«En aquel tiempo, dijo Jesús a sus discípulos: “No creáis que he venido a abolir la Ley y los profetas: no he venido a abolir, sino a dar plenitud. Os aseguro que antes pasarán el cielo y la tierra que deje de cumplirse hasta la última letra o tilde de la Ley. El que se salte uno solo de los preceptos menos importantes, y se lo enseñe así a los hombres será el menos importante en el reino de los cielos. Pero quien los cumpla y enseñe será grande en el reino de los cielos”». (Mt 5, 17-19)
Tu Ley, Señor, no estaba llamada a desaparecer sino a ser cumplida: “No he venido a abolir la ley sino a dar plenitud”. No podíamos cumplirla porque la rechazamos, la arrojamos del corazón cuando maliciosamente extendimos la mano hacia el árbol prohibido. Cuando la expulsamos de nosotros quedando desnudos, aislados, fuera del Paraíso. Hoy sé Señor que el Paraíso no es un lugar físico, sino una forma de habitar sobre la Tierra que hemos perdido; es sencillamente vivir en tu presencia, Dios mío.

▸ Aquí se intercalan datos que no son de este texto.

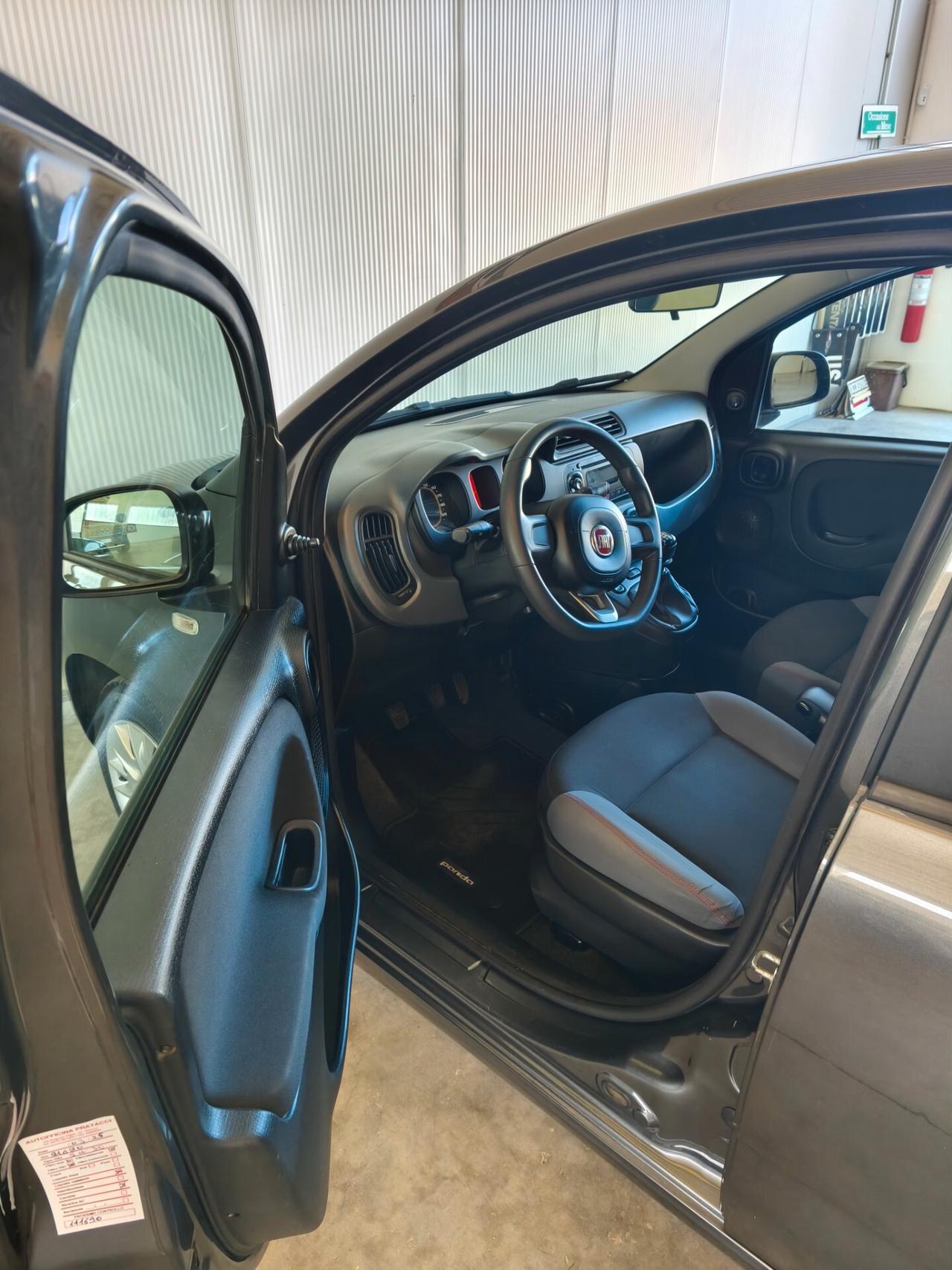 Fiat Panda 1.2, 95milaKM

Fuera de Ti Señor ¿qué nos queda? Esta Ley que nos sigue marcando el camino por muy alejados que nos encontremos de Ti, esta Ley que no podemos cumplir en su hondura pero que para nuestra tranquilidad sabemos que existe, que está ahí, que Alguien está al otro lado de la mano que nos tiende.
Esta Ley estuvo guardada en el más santo de los lugares, en el corazón del Templo, esperando el momento oportuno para expresarse por sí misma. Estaba en boca de todos pero no ocupaba su corazón. Mas llegada la plenitud de los tiempos, la Ley pasó de habitar en el lugar puro por excelencia (el Templo), al más impuro (el corazón del hombre) que Cristo asumió: “He aquí que días vienen en que pondré mi Ley en su interior y sobre sus corazones la escribiré” (Jr 31,31). Y la Palabra se encarnó, permitiéndonos en Cristo recobrar la imagen perdida de nuestro auténtico ser. ¿Quién iba a decirnos que todo iba a quedar encerrado en algo tan sencillo como un “sí”, como un “hágase en mí según tu palabra”(Lc 1,38)?
No Señor, la Ley no estaba llamada a desaparecer sino a ser reconocida, amada y custodiada en el corazón. Basta un sí: “El que me ama guardará mi Palabra, mi Padre lo amará, y vendremos a él y haremos morada en él” (Jn 14,23). Con ese sí todos los días la Ley deja de ser mera norma escrita que reclama ser cumplida, para pasar a a ser Alguien viviendo en mí que palpita de vida. Con ese sí todos los días puedo repetir con el salmista: “Cuánto amo tu Ley, todo el día la medito y me hace más sabio que mis enemigos y más sagaz que mis maestros, gano en cordura a los ancianos porque guardo tus ordenanzas… Qué dulce me sabe, más que la miel en mi boca. Con tus leyes cobro inteligencia, lámpara es para mis pasos, luz en mi sendero” (Sal 118, 97 ss).